Posted On: 06/15/2016
By Cassie Fish, http://cassandrafish.com
Cattle futures trade as if any remaining longs have thrown up their hands and walked away. The greatly improved fundamentals in 2016 from 2015 and continued sharply discount futures price structure may have in days past, enticed shorts to cover and bulls to give buying the market one more try. Today (though futures have yet to take out yesterday’s low as of yet) the current +100 point losses telegraph nothing if not a confirmation that connection between futures and cash seems no more than a thread. It is as if futures cannot begin a sustainable rally until every shred of thoughts of a “bottom” have been wiped out.
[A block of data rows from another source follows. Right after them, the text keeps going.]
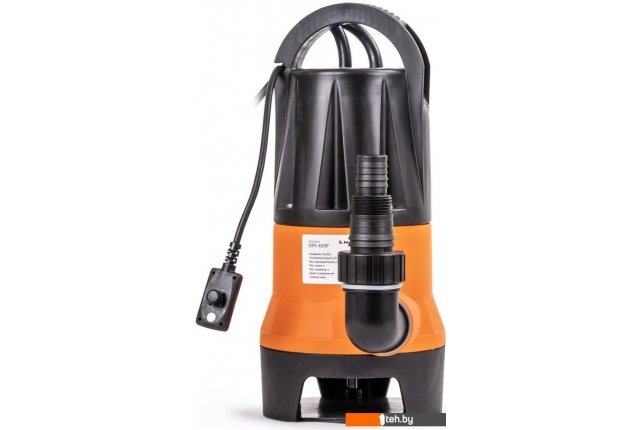 Насосы FoxWeld FoxAqua DPI-450F Насосы FoxWeld FoxAqua DPI-450F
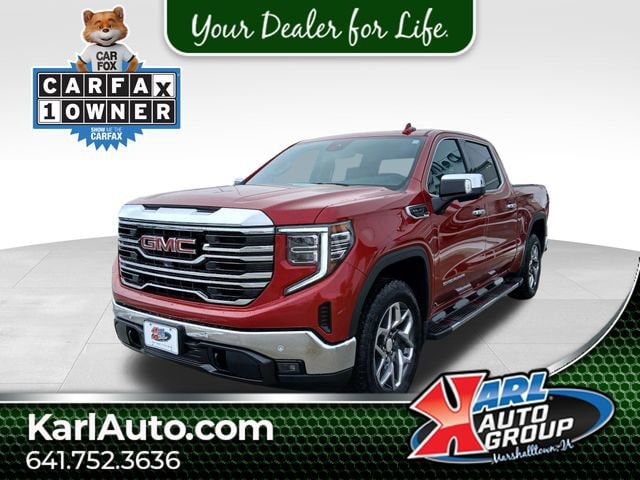 2024 GMC Sierra 1500 Truck 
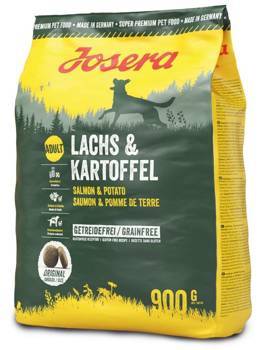 Josera Lazac és burgonya 900g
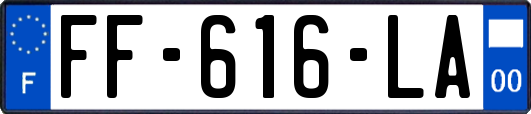 FF-616-LA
Then there is this week’s fed cattle trade. There has rarely been a time of such contrast in the cattle business. Today, the small fat cattle auction in Tama, Iowa saw cattle bring from $129-134, $1-6 higher than last week’s negotiated trade. Minutes later this morning, the new fed cattle on-line auction saw cattle bring $122.25-124, $4-5 lower than last week’s negotiated trade. Yesterday in Wyoming, 3k steers and heifers sold for $125 to a major packer, $3 lower than a week ago. The only ultimate determinant of this week’s fed cattle value will be wherever volume trade occurs. Still the incredibly wide price spread for fed cattle prices in 24 hours is mind boggling for anyone who has been around this business and for some, disturbing.
The slow, agonizing price erosion in futures prices today is mirroring the erosion of resolve in the cattle feeding industry this week, or vice versa. Talk of excellent beef features for Father’s Day (of which there are many), record packer profit margins, big kills, and record-high wholesale prices on some middle meat cuts for this time of year- none of this is translating to any gained advantage for cattle feeders nor any upticks in futures.
Rather than fundamentals or technical, today seems dominated primarily by the erosion of confidence in the legitimacy and functionality of the market itself.